Question

Given that y = 1 when x = 0, solve the differential equation dy/dx = y(4-y), obtaining an expression for y in terms of x.

Answer 1

dy/dx = y(4-y)
dy /( y (4-y) ) = dx

Answer 2

$$
\Large \int \frac{dy}{y (4-y)} = \int dx
$$

Answer 3

$$\Large \int \frac{dy}{y (4-y)} = \Large \int \frac{1}{4y} - \frac{1}{4(y-4)}~dy\\

$$

Answer 4

Uh huh.

Answer 5

Yup.

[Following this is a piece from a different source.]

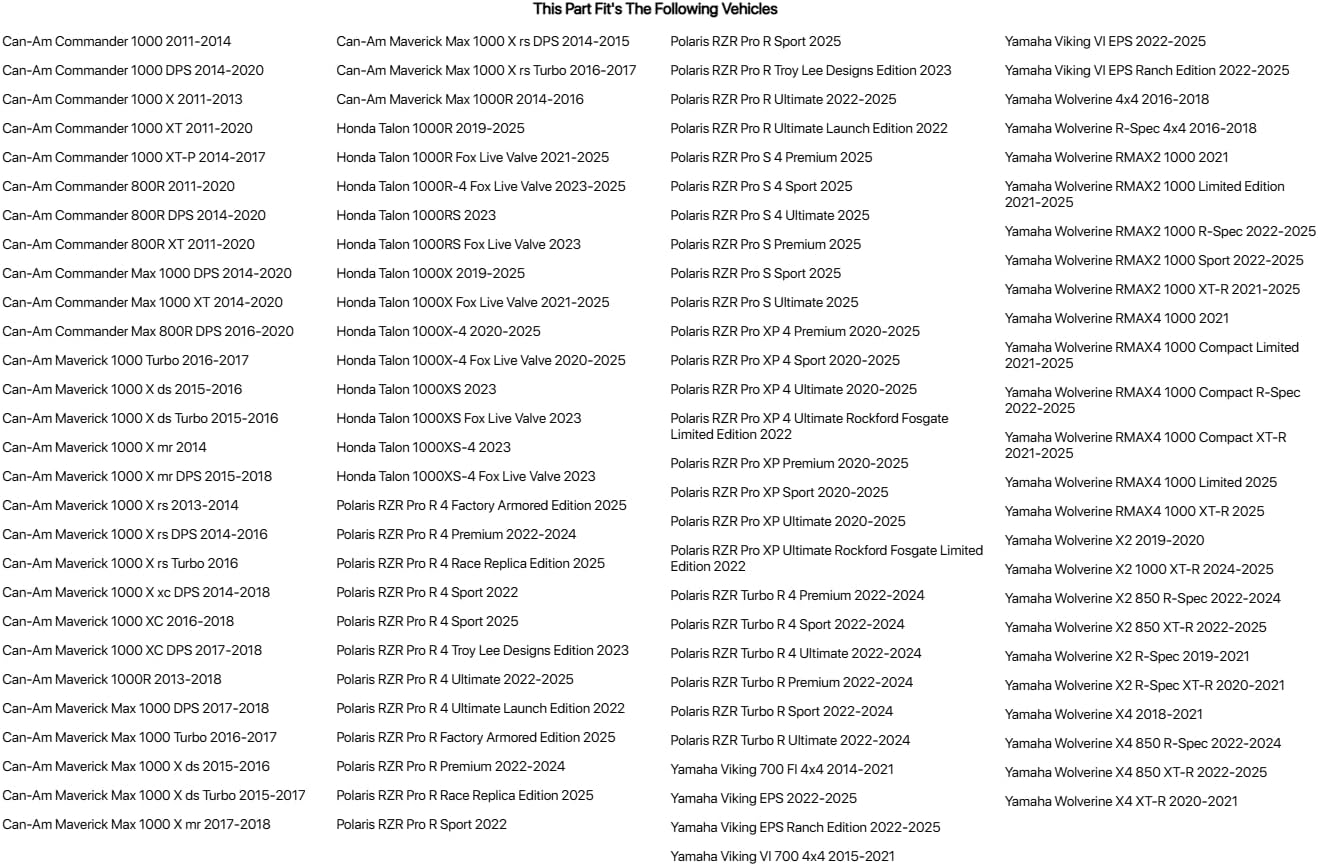 TUSK Heavy Duty Adjustable Flag Mount 2" Compatible with Polaris RZR Pro XP/Pro XP4 2020-2026/RZR Pro R/Pro R 4 2022-2026 Compatible with Honda Talon 1000R/X/R4/X4 2021-2025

Then?

Answer 6

$$
\Large \int \frac{dy}{y (4-y)}= \int dx\\
\therefore
\Large \int \frac{1}{4y} - \frac{1}{4(y-4)}~dy=\int dx \\
\therefore
\Large \frac{1}{4}~ln|y| - \frac{1}{4}~ ln |y-4| = x+C\\
\therefore \Large \frac{1}{4}~ln|\frac{y}{y-4}| = x+C\\
\therefore \Large ln|\frac{y}{y-4}| = 4\cdot x+4C\\
\therefore \Large ln|\frac{y}{y-4}| = 4x+C^{*}\\[0.1 in]
\therefore \LARGE e^{ \Large ln|\frac{y}{y-4}|} = e^{4x+C^{*}}\\
\therefore \Large\frac{y}{y-4} = e^{4x+C^{*}}\

$$

Answer 7

C * is the same as a constant

Answer 8

so we can just call it C

Answer 9

Okay.

Answer 10

$$
\Large \int \frac{dy}{y (4-y)}= \int dx\\
\therefore
\Large \int \frac{1}{4y} - \frac{1}{4(y-4)}~dy=\int dx \\
\therefore
\Large \frac{1}{4}~ln|y| - \frac{1}{4}~ ln |y-4| = x+C\\
\therefore \Large \frac{1}{4}~ln|\frac{y}{y-4}| = x+C\\
\therefore \Large ln|\frac{y}{y-4}| = 4\cdot x+4C\\
\therefore \Large ln|\frac{y}{y-4}| = 4x+C^{*}\\[0.1 in]
\therefore \LARGE e^{ \Large ln|\frac{y}{y-4}|} = e^{4x+C^{*}}\\
\therefore \Large\frac{y}{y-4} = e^{4x+C}\\
\rm flip both sides \\
\therefore \Large\frac{y-4}{y} = \frac{1}{e^{4x+C}}\\
\therefore \Large \frac{y}{y} - \frac{4}{y} = \frac{1}{e^{4x+C}}\\

\therefore \Large 1 - \frac{4}{y} = \frac{1}{e^{4x+C}}\\

$$

Answer 11

Okay.

Answer 12

Do we put in the values alrd

Answer 13

Nice.

Answer 14

How do Im arrange?

Answer 15

Thanks. I got it alrd. Could help men itch differentiation of y = x + cos2x?

Answer 16

Is it1 - sin 2x?

Answer 17

$$


\Large \int \frac{dy}{y (4-y)}= \int dx\\
\therefore
\Large \int \frac{1}{4y} - \frac{1}{4(y-4)}~dy=\int dx \\
\therefore
\Large \frac{1}{4}~ln|y| - \frac{1}{4}~ ln |y-4| = x+C\\
\therefore \Large \frac{1}{4}~ln|\frac{y}{y-4}| = x+C\\
\therefore \Large ln|\frac{y}{y-4}| = 4\cdot x+4C\\
\therefore \Large ln|\frac{y}{y-4}| = 4x+C^{*}\\[0.1 in]
\therefore \LARGE e^{ \Large ln|\frac{y}{y-4}|} = e^{4x+C}\\
\therefore \Large|\frac{y}{y-4}| = e^{4x+C}\\
\therefore \Large |\frac{y}{y-4}| = e^{4x}\cdot e^C\\
\large \rm since~ e^{constant}= constant \\[0.1 in]
\therefore \Large |\frac{y}{y-4}| = C ~e^{4x}\\
\text{ the sign of the absolute value} \pm \text{gets absorbed by the constant C } \\
\therefore \Large \frac{y}{y-4} = C ~e^{4x}\\

$$

Answer 18

you need to use chain rule
y = x + cos2x
dy/dx = 1 - sin(2x) * 2